Nach dem Chromatographen werden die aufgetrennten Moleküle ionisiert, d.h. elektrisch geladen und anschließend in das Massenspektrometer geleitet. In dieser zweiten Stufe des Messverfahrens wird das Masse/Ladungs-Verhältnis (m/z) der Moleküle gemessen, welches wiederum Aufschluss auf die eigentliche Molekülmasse geben kann. Dazu wird erneut eine hoch charakteristische Wechselwirkung der unterschiedlichen Moleküle ausgenutzt. Diesmal jedoch nicht mit einer stationären Phase, sondern mit einem elektrischen Feld. Je nach m/z verhalten sich geladene Moleküle im elektrischen Feld unterschiedlich und lassen sich z.B. unterschiedlich schnell beschleunigen oder unterschiedlich stark in ihrer Flugbahn beeinträchtigen.

Eine Bauart eines Massenspektrometers ist beispielsweise das Flugzeit-Massenspektrometer, welches, wie der Name vermuten lässt, die Zeiten misst, die unterschiedliche Molekülionen benötigen, um eine definierte Strecke zurückzulegen, nachdem diese in einem elektrischen Feld beschleunigt worden sind. Moderne Messsysteme können dabei die Molekülmasse auf drei bis vier Nachkommastellen genau bestimmen. Dies ist notwendig, denn je genauer die Molekülmasse bestimmt werden kann, desto weniger mögliche Substanzen kommen für eine Identifizierung in Frage. So liefert eine Datenbankabfrage bei der offenen Datenbank PubChem [5] für den Massenbereich von 200 ± 0,1 g/mol bereits 2916 verschiedene Einträge. Verringert man den Massenbereich bzw. erhöht die Genauigkeit auf 200 ± 0,01 g/mol, verbleiben immer noch 166 chemische Verbindungen.

Big Data und Künstliche Intelligenz

Eine Analyse einer Probe besteht aus ca. 50.000.000 einzelnen Messungen und dauert ca. 25-30 Minuten.
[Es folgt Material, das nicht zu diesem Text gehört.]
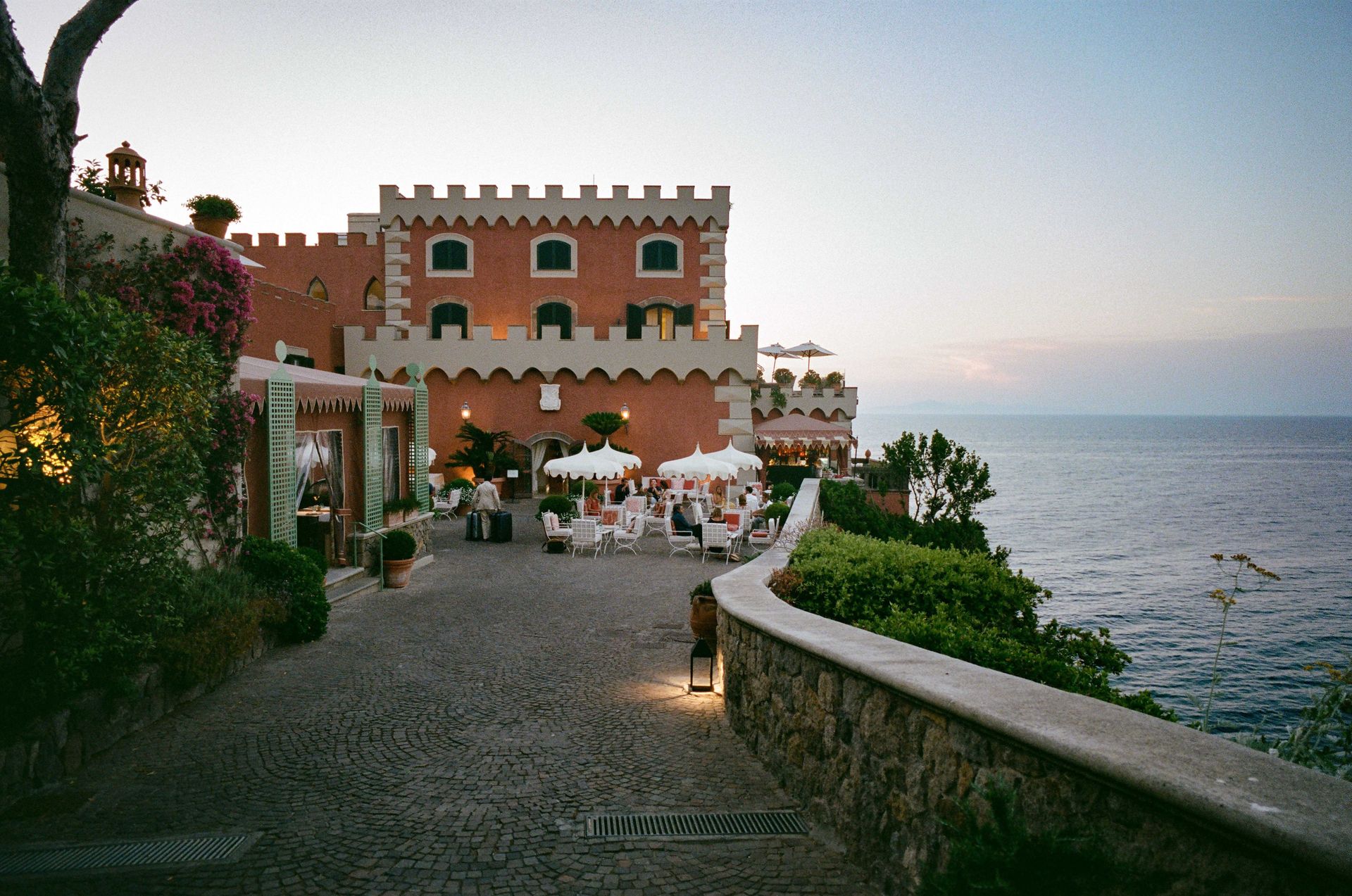 mezzatorre-hotel-and-thermal-spa-path-to-the-bar-la-torre-sea-view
In jeder dieser Messungen wird dabei für die jeweiligen chemischen Verbindungen die Zeit für den Durchlauf im Chromatographen (Retentionszeit rt), das m/z und die Signalintensität aufgezeichnet. Während rt und m/z wichtige Informationen über die Art des jeweiligen Moleküls beinhalten, gibt die Signalintensität Aufschluss über die Menge bzw. Konzentration der Inhaltstoffe. Alles in allem sind die Datenmengen aber viel zu groß, um diese einzeln zu betrachten. Daher wird vermehrt auf automatisierte Verarbeitung und Auswertung der riesigen Messdatensätze gesetzt.

Nicht jeder Datenpunkt steht für eine eigene chemische Substanz in einer Probe; vielmehr verlassen Moleküle einer Substanz die Trennsäule der Chromatographie in einem für die Substanz charakteristischen Zeitfenster von mehreren Sekunden. Außerdem gibt es auch kleinste Variationen des ermittelten Masse/Ladungs-Verhältnisses innerhalb einer Molekülart, so dass für eine chemische Verbindung eine Vielzahl von Datenpunkten aufgezeichnet wird, die in gewissen Grenzen schwankt. Bildlich könnte man sich diesen Vorgang als Marathonlauf vorstellen. Auch hier kommen nicht alle Läufer*innen zur gleichen Zeit ins Ziel, sondern in einem gewissen Zeitfenster. Wenige sind dabei ganz vorn oder ganz weit hinten und die allermeisten befinden sich im Hauptfeld der Läufer*innen. Hier kann man dann die Durchschnittszeit ermitteln, die die Läufer*innen für die Strecke benötigen.

Bei der HPLC-HRMS ist dies ähnlich. Moleküle einer chemischen Verbindung, z.B. das Insektizid Imidacloprid, werden nicht alle zeitgleich, sondern in einer gewissen Verteilung das Messsystem passieren. Als Gruppe beschreiben sie jedoch eine einzige chemische Verbindung. Im bildhaften Beispiel des Marathonlaufs wäre eine zweite chemische Verbindung, wie das Antidiabetikum Metformin, z.B. eine Gruppe von Radfahrer*innen. Diese bewegen sich deutlich schneller, zeigen aber ebenfalls ein Verteilungsmuster, betrachtet man sie als Gruppe. Im Non-Target-Screening variiert allerdings nicht nur die Zeit, in der die unterschiedlichen Analyten das Messsystem passieren, sondern auch das Substanzspezifische Masse/Ladungs-Verhältnis. Dies kann grafisch durch einen Isoplot dargestellt werden, was in Abb. 2 zu sehen ist. Je nach Zusammensetzung der Probe zeigt diese Darstellung ein charakteristisches Muster.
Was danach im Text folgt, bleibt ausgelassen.